* _What the exercise asks_
Note on the material below: return exactly the lines from the line that holds "TCL 75C7K 75" through the line that holds "Modern open-concept home", and leave out each picture.

* _Data extract_
---*---
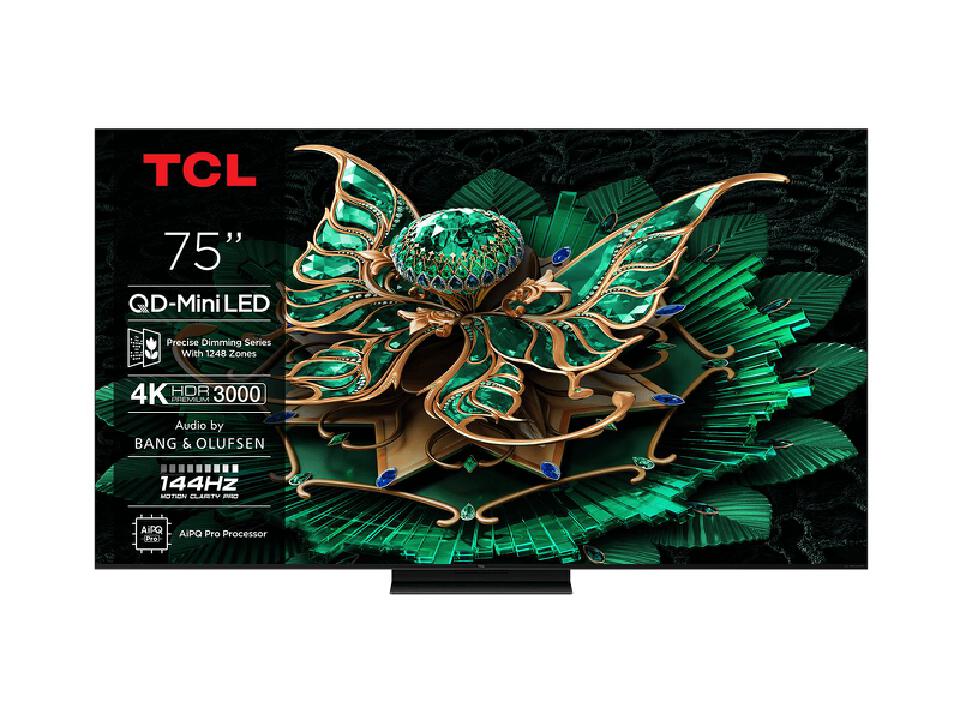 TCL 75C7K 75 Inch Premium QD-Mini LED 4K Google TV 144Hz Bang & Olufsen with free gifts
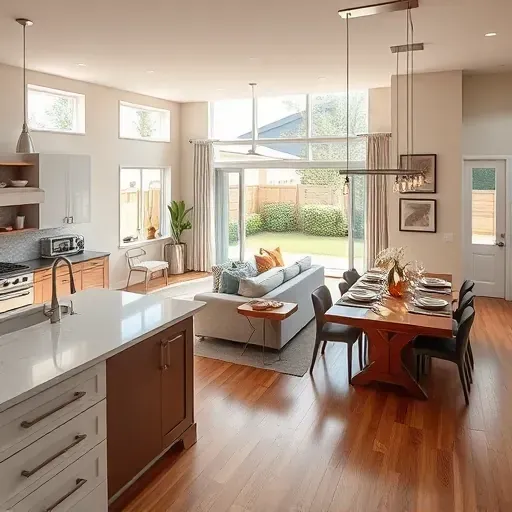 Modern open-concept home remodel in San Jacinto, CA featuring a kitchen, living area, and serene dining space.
---*---
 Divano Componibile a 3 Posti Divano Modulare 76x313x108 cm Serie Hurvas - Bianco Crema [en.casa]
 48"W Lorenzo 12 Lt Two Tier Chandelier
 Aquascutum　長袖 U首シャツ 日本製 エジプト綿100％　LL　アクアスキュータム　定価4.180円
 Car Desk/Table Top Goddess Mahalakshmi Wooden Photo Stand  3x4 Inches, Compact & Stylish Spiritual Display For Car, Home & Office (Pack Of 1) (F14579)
---*---
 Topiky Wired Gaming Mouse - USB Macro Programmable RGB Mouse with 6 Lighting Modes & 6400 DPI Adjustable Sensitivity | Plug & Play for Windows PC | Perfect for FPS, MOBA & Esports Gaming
---*---
* _Worked solution_
 TCL 75C7K 75 Inch Premium QD-Mini LED 4K Google TV 144Hz Bang & Olufsen with free gifts
 Modern open-concept home remodel in San Jacinto, CA featuring a kitchen, living area, and serene dining space.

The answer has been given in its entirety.